It's certainly a good idea, as Joseph Romm suggests at Grist, to use the Wall Street bail out to push for a similarly immense investment in solving the climate crisis, which, after all, would be sure to yield valuable dividends for taxpayers, such as the preservation of planet Earth and the salvation of the human species. But would investing in alternative energy sooner actually have prevented the financial crisis from happening in the first place? That was the contention of Bill Clinton Monday night when he spoke to a group of progressive bloggers, of which I was one. Henry Farrell at Crooked Timber has a good rundown of Clinton's idea:
Clinton’s basic argument was that the crisis was one of an overleveraged Wall Street system which emphasized the volume of transactions, and in which people were rewarded for chasing risky deals, and in which there were too few good investment opportunities. Money ended up being funneled into real estate that shouldn’t have been. Clinton furthermore argued that if there had been a real clean energy policy, it would have created alternative investment opportunities in dealing with climate change — because there wasn’t such a policy, the money was ‘misspent.’ This last bit of the argument doesn’t seem entirely plausible to me — would there really have been enough investment opportunities generated by clean energy to suck up the loose cash sloshing around? — but I’ll leave it to those with more specific expertise to evaluate properly.
Clinton seems to believe that clean energy, including the conversion of our personal automobile fleet to electric plug-in vehicles, could have been to the last eight years what the tech bubble was to the nineties.

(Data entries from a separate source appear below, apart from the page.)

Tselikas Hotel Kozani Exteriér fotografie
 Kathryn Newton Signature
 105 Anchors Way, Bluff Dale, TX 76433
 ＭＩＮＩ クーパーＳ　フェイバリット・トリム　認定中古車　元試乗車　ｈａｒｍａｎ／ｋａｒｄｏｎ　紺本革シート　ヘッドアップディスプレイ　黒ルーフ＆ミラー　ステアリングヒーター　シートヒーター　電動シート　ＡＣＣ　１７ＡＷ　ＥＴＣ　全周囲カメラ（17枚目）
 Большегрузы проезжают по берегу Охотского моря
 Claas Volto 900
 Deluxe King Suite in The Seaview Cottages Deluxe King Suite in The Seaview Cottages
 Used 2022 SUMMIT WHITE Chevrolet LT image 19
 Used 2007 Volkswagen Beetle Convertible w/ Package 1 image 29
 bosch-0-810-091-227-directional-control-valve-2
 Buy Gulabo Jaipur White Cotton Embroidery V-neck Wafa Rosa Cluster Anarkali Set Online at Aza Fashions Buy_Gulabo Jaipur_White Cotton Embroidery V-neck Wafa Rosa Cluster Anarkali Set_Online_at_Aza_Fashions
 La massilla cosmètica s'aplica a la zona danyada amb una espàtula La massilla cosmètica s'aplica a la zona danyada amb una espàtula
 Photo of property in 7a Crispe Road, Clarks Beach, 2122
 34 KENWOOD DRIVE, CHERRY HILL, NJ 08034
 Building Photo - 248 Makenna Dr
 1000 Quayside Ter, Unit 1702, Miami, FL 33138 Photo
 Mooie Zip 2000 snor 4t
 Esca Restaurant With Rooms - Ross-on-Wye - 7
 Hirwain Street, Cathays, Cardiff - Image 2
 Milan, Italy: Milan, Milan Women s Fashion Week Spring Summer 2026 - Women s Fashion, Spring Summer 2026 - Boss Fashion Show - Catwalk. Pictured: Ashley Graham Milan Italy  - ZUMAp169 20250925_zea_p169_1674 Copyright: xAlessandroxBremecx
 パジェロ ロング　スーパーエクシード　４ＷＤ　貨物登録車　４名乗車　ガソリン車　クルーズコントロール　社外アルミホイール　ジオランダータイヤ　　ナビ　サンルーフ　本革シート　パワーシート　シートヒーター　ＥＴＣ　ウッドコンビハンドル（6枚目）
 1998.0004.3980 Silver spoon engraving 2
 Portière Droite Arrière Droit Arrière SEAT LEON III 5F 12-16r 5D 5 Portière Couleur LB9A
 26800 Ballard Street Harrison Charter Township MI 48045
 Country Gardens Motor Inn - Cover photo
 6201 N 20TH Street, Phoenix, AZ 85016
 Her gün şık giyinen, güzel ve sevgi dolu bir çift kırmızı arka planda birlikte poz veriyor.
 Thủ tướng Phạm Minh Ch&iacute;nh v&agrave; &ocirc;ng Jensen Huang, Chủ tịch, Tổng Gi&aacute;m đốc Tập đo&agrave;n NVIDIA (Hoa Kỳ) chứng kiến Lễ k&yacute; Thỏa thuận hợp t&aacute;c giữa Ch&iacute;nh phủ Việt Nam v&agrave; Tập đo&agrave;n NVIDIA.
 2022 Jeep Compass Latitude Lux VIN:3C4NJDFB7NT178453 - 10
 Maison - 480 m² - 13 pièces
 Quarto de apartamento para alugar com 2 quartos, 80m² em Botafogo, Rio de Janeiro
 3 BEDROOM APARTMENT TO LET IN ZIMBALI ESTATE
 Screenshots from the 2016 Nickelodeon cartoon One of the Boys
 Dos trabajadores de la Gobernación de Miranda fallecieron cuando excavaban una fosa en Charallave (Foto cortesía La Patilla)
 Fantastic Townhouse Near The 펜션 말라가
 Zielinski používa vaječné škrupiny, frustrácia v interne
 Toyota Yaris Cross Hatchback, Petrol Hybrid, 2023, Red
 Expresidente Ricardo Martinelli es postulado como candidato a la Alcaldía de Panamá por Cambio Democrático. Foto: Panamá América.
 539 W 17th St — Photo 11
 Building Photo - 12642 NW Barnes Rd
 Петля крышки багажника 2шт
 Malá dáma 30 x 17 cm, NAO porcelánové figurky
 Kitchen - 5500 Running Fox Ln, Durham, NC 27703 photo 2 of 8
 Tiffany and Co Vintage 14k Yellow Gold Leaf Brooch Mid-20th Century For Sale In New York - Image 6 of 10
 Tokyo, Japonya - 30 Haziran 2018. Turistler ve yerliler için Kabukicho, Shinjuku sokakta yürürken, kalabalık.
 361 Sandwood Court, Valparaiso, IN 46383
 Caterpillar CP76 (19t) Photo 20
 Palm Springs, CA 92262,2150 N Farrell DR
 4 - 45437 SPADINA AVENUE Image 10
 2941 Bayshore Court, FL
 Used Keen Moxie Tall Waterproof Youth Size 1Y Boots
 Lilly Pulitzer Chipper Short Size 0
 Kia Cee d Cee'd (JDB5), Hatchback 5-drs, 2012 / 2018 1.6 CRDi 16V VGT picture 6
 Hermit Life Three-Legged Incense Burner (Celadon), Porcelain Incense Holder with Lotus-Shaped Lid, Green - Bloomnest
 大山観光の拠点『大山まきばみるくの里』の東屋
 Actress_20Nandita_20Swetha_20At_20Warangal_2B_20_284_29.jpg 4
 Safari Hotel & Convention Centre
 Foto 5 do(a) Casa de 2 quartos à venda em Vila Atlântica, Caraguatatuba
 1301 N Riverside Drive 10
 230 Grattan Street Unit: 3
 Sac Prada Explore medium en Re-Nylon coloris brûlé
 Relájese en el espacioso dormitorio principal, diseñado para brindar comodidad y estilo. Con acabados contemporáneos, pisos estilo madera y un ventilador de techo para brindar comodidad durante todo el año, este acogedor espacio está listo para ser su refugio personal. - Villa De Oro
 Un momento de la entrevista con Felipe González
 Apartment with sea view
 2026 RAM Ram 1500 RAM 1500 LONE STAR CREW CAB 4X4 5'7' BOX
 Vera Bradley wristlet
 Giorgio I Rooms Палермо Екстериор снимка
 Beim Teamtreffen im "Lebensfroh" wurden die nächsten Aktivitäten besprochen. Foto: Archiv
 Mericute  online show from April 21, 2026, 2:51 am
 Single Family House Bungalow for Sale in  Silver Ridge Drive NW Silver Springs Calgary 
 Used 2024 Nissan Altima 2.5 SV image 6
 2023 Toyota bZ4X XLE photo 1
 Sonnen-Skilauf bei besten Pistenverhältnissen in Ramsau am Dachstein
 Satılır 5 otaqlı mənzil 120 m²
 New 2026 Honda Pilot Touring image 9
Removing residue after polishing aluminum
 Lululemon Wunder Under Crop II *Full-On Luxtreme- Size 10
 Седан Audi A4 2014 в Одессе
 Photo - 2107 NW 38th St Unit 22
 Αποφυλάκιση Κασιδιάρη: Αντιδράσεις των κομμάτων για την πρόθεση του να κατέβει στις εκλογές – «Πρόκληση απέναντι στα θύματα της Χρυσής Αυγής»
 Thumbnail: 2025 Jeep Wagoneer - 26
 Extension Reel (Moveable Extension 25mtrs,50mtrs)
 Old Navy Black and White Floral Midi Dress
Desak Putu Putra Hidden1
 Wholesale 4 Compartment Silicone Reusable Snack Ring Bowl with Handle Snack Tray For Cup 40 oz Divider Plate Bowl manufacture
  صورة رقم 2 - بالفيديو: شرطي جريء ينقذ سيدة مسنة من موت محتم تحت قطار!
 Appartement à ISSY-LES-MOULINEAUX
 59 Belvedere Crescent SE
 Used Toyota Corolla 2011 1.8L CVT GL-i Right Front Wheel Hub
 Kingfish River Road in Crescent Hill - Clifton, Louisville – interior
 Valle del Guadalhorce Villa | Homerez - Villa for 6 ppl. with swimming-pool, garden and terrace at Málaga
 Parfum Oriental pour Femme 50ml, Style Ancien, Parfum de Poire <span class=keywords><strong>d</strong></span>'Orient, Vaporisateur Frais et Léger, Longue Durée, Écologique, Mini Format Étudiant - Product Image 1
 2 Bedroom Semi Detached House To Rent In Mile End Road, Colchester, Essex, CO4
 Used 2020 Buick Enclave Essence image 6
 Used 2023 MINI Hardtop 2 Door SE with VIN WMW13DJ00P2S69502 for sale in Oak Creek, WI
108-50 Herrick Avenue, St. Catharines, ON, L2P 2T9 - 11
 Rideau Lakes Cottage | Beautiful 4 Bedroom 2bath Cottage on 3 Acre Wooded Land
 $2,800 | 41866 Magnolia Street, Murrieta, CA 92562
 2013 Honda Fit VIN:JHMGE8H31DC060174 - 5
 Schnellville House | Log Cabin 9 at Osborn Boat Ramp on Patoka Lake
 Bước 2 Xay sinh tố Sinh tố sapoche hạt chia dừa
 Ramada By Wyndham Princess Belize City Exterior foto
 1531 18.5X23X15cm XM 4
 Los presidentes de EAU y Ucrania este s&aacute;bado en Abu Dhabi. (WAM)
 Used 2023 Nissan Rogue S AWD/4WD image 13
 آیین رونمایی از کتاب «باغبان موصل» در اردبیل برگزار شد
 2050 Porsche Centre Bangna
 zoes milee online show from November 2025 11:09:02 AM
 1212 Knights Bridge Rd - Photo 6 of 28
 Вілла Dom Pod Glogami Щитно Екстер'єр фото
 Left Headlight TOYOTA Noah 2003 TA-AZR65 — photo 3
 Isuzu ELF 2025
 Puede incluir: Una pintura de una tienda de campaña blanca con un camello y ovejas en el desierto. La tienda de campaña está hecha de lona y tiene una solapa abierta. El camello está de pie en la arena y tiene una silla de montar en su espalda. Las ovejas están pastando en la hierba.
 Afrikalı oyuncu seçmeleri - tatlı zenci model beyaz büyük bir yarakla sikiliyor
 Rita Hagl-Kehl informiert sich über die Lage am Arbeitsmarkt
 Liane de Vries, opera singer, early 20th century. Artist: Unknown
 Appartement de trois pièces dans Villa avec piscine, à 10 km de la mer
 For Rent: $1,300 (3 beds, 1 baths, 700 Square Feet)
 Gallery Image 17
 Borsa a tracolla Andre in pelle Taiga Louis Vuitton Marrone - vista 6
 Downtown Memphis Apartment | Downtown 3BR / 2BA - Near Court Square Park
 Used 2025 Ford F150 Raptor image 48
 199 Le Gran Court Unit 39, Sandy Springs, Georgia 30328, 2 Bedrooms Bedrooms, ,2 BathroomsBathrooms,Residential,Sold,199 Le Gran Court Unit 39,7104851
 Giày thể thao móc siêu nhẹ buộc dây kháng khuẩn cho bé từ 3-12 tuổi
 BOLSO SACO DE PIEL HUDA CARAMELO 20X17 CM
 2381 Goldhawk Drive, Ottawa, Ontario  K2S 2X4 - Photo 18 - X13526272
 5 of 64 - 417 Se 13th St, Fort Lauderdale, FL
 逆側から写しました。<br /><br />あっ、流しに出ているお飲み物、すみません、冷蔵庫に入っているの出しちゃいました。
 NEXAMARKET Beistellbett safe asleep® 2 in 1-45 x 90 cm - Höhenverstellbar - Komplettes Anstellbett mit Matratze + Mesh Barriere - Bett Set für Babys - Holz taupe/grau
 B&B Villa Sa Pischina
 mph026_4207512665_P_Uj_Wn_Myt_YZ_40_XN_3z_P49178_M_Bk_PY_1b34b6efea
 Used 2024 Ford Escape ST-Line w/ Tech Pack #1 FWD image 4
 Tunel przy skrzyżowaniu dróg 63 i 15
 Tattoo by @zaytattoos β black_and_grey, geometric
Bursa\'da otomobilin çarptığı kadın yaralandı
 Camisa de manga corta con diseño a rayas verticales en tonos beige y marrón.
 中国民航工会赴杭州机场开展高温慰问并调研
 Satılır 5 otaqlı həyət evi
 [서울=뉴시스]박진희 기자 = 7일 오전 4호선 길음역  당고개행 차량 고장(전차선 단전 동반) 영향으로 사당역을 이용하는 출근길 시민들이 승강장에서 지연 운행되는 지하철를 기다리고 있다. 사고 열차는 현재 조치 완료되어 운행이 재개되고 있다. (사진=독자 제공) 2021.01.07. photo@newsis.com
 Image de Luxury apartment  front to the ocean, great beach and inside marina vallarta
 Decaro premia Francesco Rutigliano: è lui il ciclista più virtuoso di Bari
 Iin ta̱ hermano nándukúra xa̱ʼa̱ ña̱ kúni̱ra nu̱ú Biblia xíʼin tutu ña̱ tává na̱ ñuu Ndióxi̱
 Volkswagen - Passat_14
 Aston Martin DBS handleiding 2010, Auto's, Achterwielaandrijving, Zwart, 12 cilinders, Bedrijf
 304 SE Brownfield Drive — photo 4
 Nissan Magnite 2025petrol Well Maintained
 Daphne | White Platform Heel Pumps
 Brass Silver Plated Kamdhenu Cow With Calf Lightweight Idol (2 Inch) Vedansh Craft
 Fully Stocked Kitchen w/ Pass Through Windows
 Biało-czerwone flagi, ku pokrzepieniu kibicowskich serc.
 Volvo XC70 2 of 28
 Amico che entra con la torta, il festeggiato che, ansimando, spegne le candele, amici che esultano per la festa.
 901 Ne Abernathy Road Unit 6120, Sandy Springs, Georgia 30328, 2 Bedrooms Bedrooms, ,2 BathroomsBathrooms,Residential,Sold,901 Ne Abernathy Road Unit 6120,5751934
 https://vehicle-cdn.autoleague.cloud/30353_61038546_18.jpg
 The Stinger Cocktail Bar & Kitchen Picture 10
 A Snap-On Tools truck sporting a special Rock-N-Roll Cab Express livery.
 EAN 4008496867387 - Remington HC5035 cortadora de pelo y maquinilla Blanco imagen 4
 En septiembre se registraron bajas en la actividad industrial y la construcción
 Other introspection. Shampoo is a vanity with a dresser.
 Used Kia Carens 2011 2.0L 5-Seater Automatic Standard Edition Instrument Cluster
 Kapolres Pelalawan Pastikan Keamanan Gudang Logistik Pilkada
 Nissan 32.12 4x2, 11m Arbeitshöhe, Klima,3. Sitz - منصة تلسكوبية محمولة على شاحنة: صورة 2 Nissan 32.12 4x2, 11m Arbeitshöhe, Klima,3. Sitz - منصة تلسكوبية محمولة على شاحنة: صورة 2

An open economy needs a major and innovative source of new jobs "every five to eight years," he said, otherwise the U.S. is bound to lose working class jobs "out the backdoor" to cheaper nations. I agree with Farrell that it seems implausible that the mortgage crisis could have been averted by energy policy alone. Brian Beutler also agrees. After all, the push to encourage home ownership and other forms of consumer debt among unprepared, uninformed borrowers is rather unrelated, and both government and the private sector bear responsibility. What do the economists in the house think?